Waterloo County, Ontario

In 1957 there were 18 active Mennonite Church (MC) congregations in the county with a membership of 2,899. Dates given are those of the erection of church buildings, as closely as can be determined, although in many cases services were held in homes prior to the building of a church. Names of congregations are listed as in the Mennonite Yearbook, being both family and place names. The former are the survival of the pioneer custom of naming a church after the family from whose land the property was secured, either by purchase or donation. These congregations are First Mennonite, 1813; Snyder (Bloomingdale), 1826; Wanner (Hespeler), 1829; Detweiler (Roseville), 1830; Geiger (New Hamburg), 1831; Cressman (Breslau), 1834; Latschar (Mannheim), 1839; Blenheim (New Dundee), 1839; Weber (Strasburg), 1840; Shantz (Baden), 1840; Hagey, now called Preston, 1842; St. Jacobs, 1844; Waterloo (David Eby), 1851; Biehn (New Hamburg), 1865; Floradale, 1896; Baden, 1913; Elmira, 1924; Hawkesville, 1950. With the exception of Kitchener, which is 70 per cent urban and 30 per cent rural, and Waterloo, which is 50 per cent of each, these are all rural congregations. Each of these churches, except Hawkesville, has its own cemetery.

Following are some of the most typical family names in these congregations, although many of these have disappeared from the rolls of active memberships: Betzner, Schoerg (Sherk), Reichert, Gingerich, Bechtel, Kinsey, Rosenberger, Biehn, Clemens, Bear, Sararas, Shupe, Livergood, Wismer, Ringler, Correll, Saltzberger, Bricker, Erb, Groh, Stauffer, Kraft, Hammacher, Bergey, Scheirich (Shiry), Bauman or Bowman, Eby, Schneider, Cress, Brech, Bliehm, Shantz, Rotharmel, Strohm, Cressman, Bretz, Brubacher, Weber, Eckert, Pannebecker, Eschelman, Springer, Herner, Bock, Martin, Burkholder, Good, Burkhard, Musselman, Shoemaker, Detweiler, Hallman, Huber, Lichty, Schlichter, Wanner, Hagey, Risser, Clemmer, Groff, Shuh, Wenger, Hurst, Hoffman, Moyer, Bingeman, Fried, Kolb, Gehman, Schiedel.

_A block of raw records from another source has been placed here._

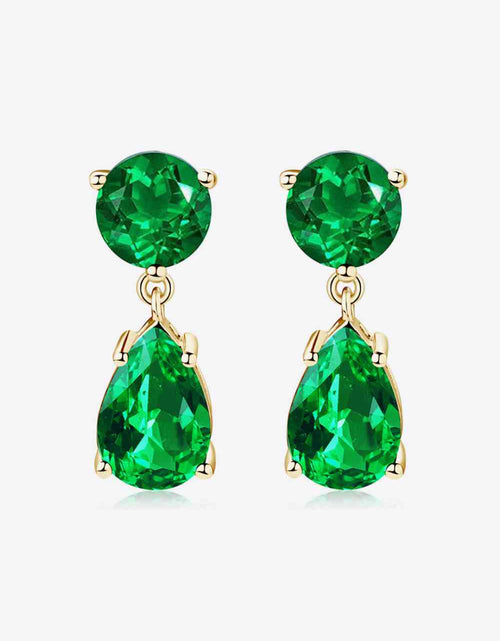 Load image into Gallery viewer, Lab-Grown Emerald Drop Earrings
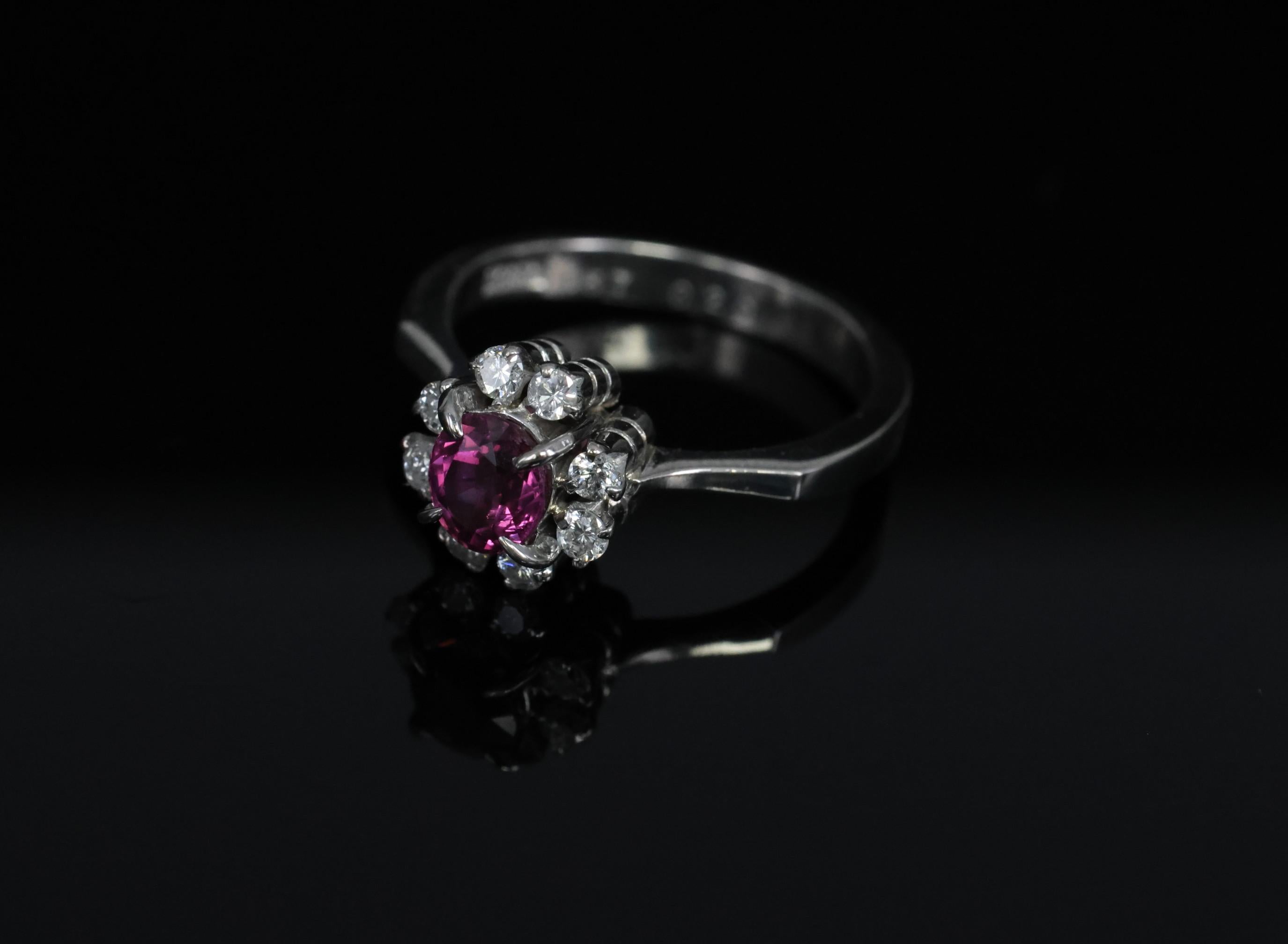 Fine 0.67ct Vivid Pink Sapphire & 0.20ct Diamond Platinum Halo Ring Size 5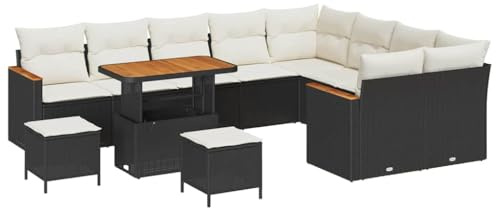 vidaXL 12-teiliges Garten-Sofa-Set mit Kissen in Schwarz und Creme Weiß aus Poly Rattan und Akazie. Bequem für 5 Personen, mit abnehmbaren Bezügen. Wetterfest und robust, perfekt für Deine Terrasse.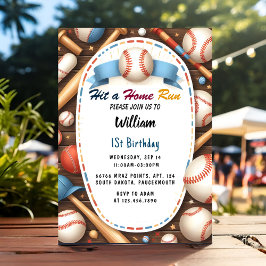 Convites O primeiro aniversario de Baseball da Equipe de Jo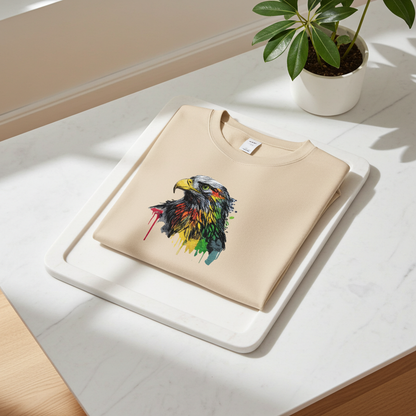 Soft beige sweatshirt neatly folded on white marble slabs with natural sunlight and leafy shadows, featuring colorful splash-style eagle head embroidery on the chest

Three schisms resulted in the formation of other Mennonite groups. The first was that of the Mennonite Brethren in Christ in the early 1870s. This was a division on the progressive side, the points at issue being mainly the conducting of prayer and revival meetings and Sunday schools. In 1953 this group had 5 congregations in the county with a total of 666 members. In 1948 they changed their name to United Missionary Church, thus abandoning entirely the name Mennonite. In the late 1880s occurred the second division, this time on the conservative side, when the Old Order (Wisler) Mennonites seceded. They are now subdivided into three groups, namely, the original Old Order, the Waterloo-Markham conference, and the David Martin group. The difference in these factions concerns the ownership and use of modern inventions, together with some points of attire. No points of faith are involved since all adhere to the Dordrecht Confession of 1632. Of these three factions in the late 1950s, the first had five congregations with a total of 1,061 members, the second five congregations and 630 members, and the third three congregations with 116 members, a total of 1,807. None of these factions hold revival meetings. Instead a public invitation is given each year from their pulpits. Those accepting the invitation are then instructed in the Dordrecht Confession and in their own group discipline. The third division occurred in the First Mennonite Church of Kitchener in 1924 and resulted in the formation of the Stirling Avenue Mennonite Church (General Conference Mennonite [GCM]), which in 1957 had 476 members.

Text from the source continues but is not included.